To comply with the Dignity Act, at least one staff member in each school must be designated as the DAC and be thoroughly trained to handle human relations in the areas of race, color, weight, national origin, ethnic group, religion, religious practice, disability, sexual orientation, gender (defined to include gender identity or expression), and sex (Education Law §13[3]; 8 NYCRR §100.2[jj][4]).  The DAC must also be provided with training (1) which addresses the social patterns of harassment, bullying and discrimination, including but not limited to those acts based on a person’s actual or perceived race, color, weight, national origin, ethnic group, religion, religious practice, disability, sexual orientation, gender and sex; (2) in the identification and mitigation of harassment, bullying and discrimination and (3) in strategies for effectively addressing problems of exclusion, bias and aggression in educational settings (8 NYCRR §100.2[jj][4][iii – v]).

Each DAC must be employed by the school district, BOCES, or charter school, as applicable, and be licensed and/or certified by the Commissioner as a classroom teacher, school counselor, school psychologist, school nurse, school social worker, school administrator or supervisor, or superintendent of schools (8 NYCRR §100.2[jj][4][vi]).  It is recommended that the employee designated as the DAC be an individual who is respected by the school community and whose recommendations and counsel will be valued and heeded by all stakeholders.  It is equally important that the individual is someone with whom both students and colleagues feel comfortable speaking regarding the serious and often difficult issues of harassment, bullying, and/or discrimination. When designating the DAC, keep in mind that the law applies to student-to-student, as well as faculty/staff-to-student behaviors. The employee designated as the DAC does not need to be the principal; however it should be someone with experience addressing and resolving such issues within the school.

Additional criteria for identifying an employee to serve as a DAC may also include, but is not limited to, prior training in areas such as human relations, cultural diversity, bullying prevention and intervention and/or conflict resolution and/or demonstrated expertise in any of these or related areas.

Commissioner’s Regulation §100.2(jj)(4)(vi) requires that the designation of each DAC be approved by the board of education, trustees or sole trustee of the school district, or, in the City School District of the City of New York, by the principal of the school building in which the designated individual is employed.  In the case of a charter school, the DAC shall be approved by the board of trustees (8 NYCRR §100.2[jj][4][vi]).

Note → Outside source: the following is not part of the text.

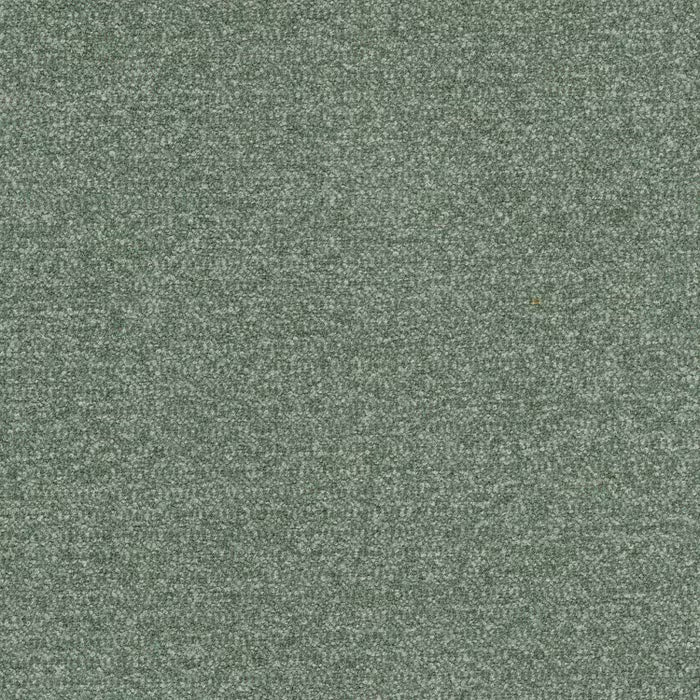 JORD-1 STOUT JORDAN 1 AQUA AQUA UPHOLSTERY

If the individual serving as the DAC vacates his or her position as the DAC, another employee must be immediately designated as an interim DAC pending approval of a new DAC by the applicable governing body within 30 days of the date the position was vacated (8 NYCRR §100.2[jj][4][viii].    In the event a DAC is unable to perform his or her duties for an extended period of time, another eligible employee shall be immediately designated for an interim appointment as DAC, pending return of the previous DAC (8 NYCRR §100.2[jj][4][viii]).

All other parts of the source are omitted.